A friend of mine sent me a challenging question:
You've stated a couple of times that you don't favor the OpenFlow version of SDN due to a variety of problems like scaling and latency. What model/mechanism do you like? Hybrid? Something else?
Before answering the question, let’s step back and ask another one: “Does centralized control plane, as evangelized by ONF, make sense?”
A bit of history
As always, let’s start with one of the greatest teachers: history. We’ve had centralized architectures for decades, from SNA to various WAN technologies (SDH/SONET, Frame Relay and ATM). They all share a common problem: when the network partitions, the nodes cut off from the central intelligence stop functioning (in SNA case) or remain in a frozen state (WAN technologies).
One might be tempted to conclude that the ONF version of SDN won’t fare any better than the switched WAN technologies. Reality is far worse:
- WAN technologies had little control-plane interaction with the outside world (example: Frame Relay LMI), and those interactions were run by the local devices, not from the centralized control plane;
- WAN devices (SONET/SDH multiplexers, or ATM and Frame Relay switches) had local OAM functionality that allowed them to detect link or node failures and reroute around them using preconfigured backup paths. One could argue that those devices had local control plane, although it was never as independent as control planes used in today’s routers.
Interestingly, MPLS-TP wants to reinvent the glorious past and re-introduce centralized path management, yet again proving RFC 1925 section 2.11.
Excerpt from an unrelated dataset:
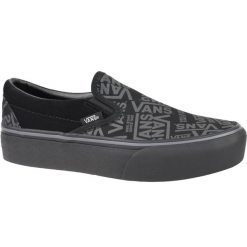 Buty sportowe do chodzenia damskie, Vans 66 Classic Slip-On Platform. Czarne obuwie sportowe damskie Vans, bez wzorów, bez zapięcia, trekkingowe, vans classic. Za 199.99 zł.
The last architecture (that I remember) that used truly centralized control plane was SNA, and if you’re old enough you know how well that ended.
Would central control plane make sense in limited deployments?
Central control plane is obviously a single point of failure, and network partitioning is a nightmare if you have a central point of control. Large-scale deployments of ONF variant of SDN are thus out of question. But does it make sense to deploy centralized control plane in smaller independent islands (campus networks, data center availability zones)?
Interestingly, numerous data center architectures already use centralized control plane, so we can analyze how well they perform:
- Juniper XRE can control up to four EX8200 switches, or a total of 512 10GE ports;
- Nexus 7700 can control 64 fabric extenders with 3072 ports, plus a few hundred directly attached 10GE ports;
- HP IRF can bind together two 12916 switches for a total of 1536 10GE ports;
- QFabric Network Node Group could control eight nodes, for a total of 384 10GE ports.
NEC ProgrammableFlow seems to be an outlier – they can control up to 200 switches, for a total of over 9000 GE (not 10GE) ports… but they don’t run any control-plane protocol (apart from ARP and dynamic MAC learning) with the outside world. No STP, LACP, LLDP, BFD or routing protocols.
One could argue that we could get an order of magnitude beyond those numbers if only we were using proper control plane hardware (Xeon CPUs, for example). I don’t buy that argument till I actually see a production deployment, and do keep in mind that NEC ProgrammableFlow Controller uses decent Intel-based hardware. Real-time distributed systems with fast feedback loops are way more complex than most people looking from the outside realize (see also RFC 1925, section 2.4).
Does central control plane make sense?
It does in certain smaller-scale environments (see above)… as long as you can guarantee redundant connectivity between then controller and controlled devices, or don’t care what happens after link loss (see also wireless access points). Does it make sense to generate a huge hoopla while reinventing this particular wheel? I would spend my energy doing something else.
I absolutely understand why NEC went down this path – they did something extraordinary to differentiate themselves in a very crowded market. I also understand why Google decided to use this approach, and why they evangelize it as much as they do. I’m just saying that it doesn’t make that much sense for the rest of us.
Finally, do keep in mind that the whole world of IT is moving toward scale-out architectures. Netflix & Co are already there, and the enterprise world is grudgingly doing the first steps. In the meantime, OpenFlow evangelists talk about the immeasurable revolutionary merits of centralized scale-up architecture. They must be living on a different planet.